А Сталин сказал эту фразу, верней, начертал в качестве резолюции, каковую впору было покрыть лаком, как прежде делали с подписями русских царей (может быть, и покрыли), вряд ли в согласии с собственным вкусом. Вероятно, он был куда более искренен, когда писал бездарному Безыменскому, кого Маяковский не ставил ни в грош (и Безыменский ответно его ненавидел):

«Читал и „Выстрел“, и „День нашей жизни“. …И то, и другое, особенно „Выстрел“, можно считать образцами революционного пролетарского искусства для настоящего времени».

Что же касается резолюции, то она явилась на свет в обстоятельствах благообразнейших. Демократически спровоцированная снизу. Можно даже сказать — продиктованная.

«Дорогой товарищ Сталин!

После смерти поэта Маяковского все дела, связанные с изданием его стихов и увековечением его памяти, сосредоточились у меня.

У меня весь его архив, черновики, записные книжки, рукописи, все его вещи. Я редактирую его издания. Ко мне обращаются за материалами, сведениями, фотографиями.

Я делаю все, что от меня зависит, для того, чтобы стихи его печатались, чтобы вещи сохранились и чтобы все растущий интерес к Маяковскому был хоть сколько-нибудь удовлетворен.

А интерес к Маяковскому растет с каждым годом.

Его стихи не только не устарели, но они сегодня абсолютно актуальны и являются сильнейшим революционным оружием.

Прошло почти шесть лет со дня смерти Маяковского, и он еще никем не заменен и…»

Внимание!

«…И как был, так и остался крупнейшим поэтом нашей революции».
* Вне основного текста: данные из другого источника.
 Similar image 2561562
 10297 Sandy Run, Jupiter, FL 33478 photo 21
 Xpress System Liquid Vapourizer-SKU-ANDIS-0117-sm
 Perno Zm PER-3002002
Почти слово в слово. Как же так, Иосиф Виссарионович? Пристало ли вам списывать? И у кого? У некоей гражданки Брик, урожденной Каган, — ибо, как давно понял читатель, это письмо-шпаргалку отправила Сталину 22 ноября 1935 года она, Лиля Юрьевна.

Следовало перечисление признаков невнимания к тому, кто «был и остался»:

«…„Полное собрание сочинений“ вышло только наполовину, и то — в количестве 10 000 экземпляров.